Default bnx2 losing connectivity

Hoping someone else has seen this before.

I have a few dozen Dell R610 systems with CentOS 5.2 that are
using kernels from 5.3 and 5.4 (2.6.18-128.1.10.el5 & 2.6.18-164.6.1.el5),
that at random lose layer 2 network connectivity either partially
or totally. Running tcpdump on the interface reveals only ARP
broadcasts, no responses. Switch reports no packets being
received on the interface.

Systems can run for days/weeks or even months without an issue then
drop off the network. At first I thought it was the Dell switches
which we had lots of problems with but it has happened on two other
brands of switches as well(Cisco and Extreme), so I no longer believe
it's the switch but rather the systems.

The workaround is to restart the network on the system. I have even
configured the bonding driver to do ARP requests and fail over to
the backup link in the event that fails but wasn't successful there
either as both links can go down, and/or the system can go into
"degraded" state where it can reach some systems but not others.

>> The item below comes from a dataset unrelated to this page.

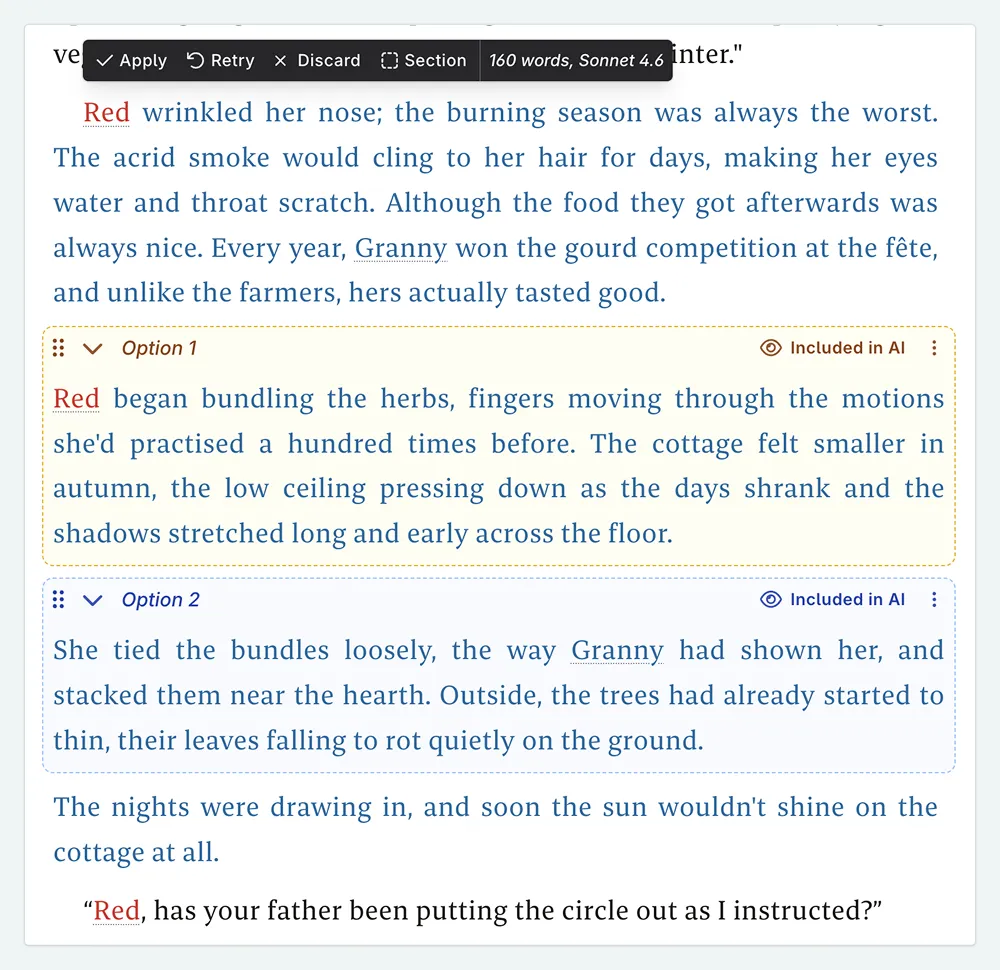 Example of transitions generated by the prompt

I have ESXi systems running on the same hardware and to-date have not
seen any of them drop off the same way.

System can be under high traffic load at the time or completely
idle, it doesn't seem to make a difference. No log entries indicating
what might be going on.

I have a case open with Dell but am not expecting a whole lot from
them, maybe I'll get lucky though. They asked me to upgrade the NIC
firmware which I did on a batch of systems to no avail(the release
notes for the firmware said nothing about any fixes that sounded
like my issue).

Driver versions:
ESXi (vSphere):
Broadcom NetXtreme II Gigabit Ethernet Driver bnx2 v1.6.9 (December 8, 2007)

Most linux systems(5.3 kernel):
Broadcom NetXtreme II Gigabit Ethernet Driver bnx2 v1.7.9-1 (July 18, 2008)

Some linux systems(5.4 kernel):
Broadcom NetXtreme II Gigabit Ethernet Driver bnx2 v1.9.3 (March 17, 2009)

Happens across at least a dozen systems spread over 4 data centers.

Never seen this sort of behavior before in the hundreds and hundreds
of systems I've run. These systems are all new, the R610 hardware
was released around May 2009, and we've been having issues since
day 1, but only recently have been able to rule the switches out as
the cause.

The latest driver on Broadcom's site is 1.9.20b which seems odd since
CentOS 5.4 seems to come with 1.9.3(the date on the Broadcom site is
more recent than the date on the linux kernel driver in 5.4) Most of
the fixes in the recent driver versions seem to focus around iSCSI,
which I'm not using.

lspci says:
02:00.1 Ethernet controller: Broadcom Corporation NetXtreme II BCM5709
Gigabit Ethernet (rev 20)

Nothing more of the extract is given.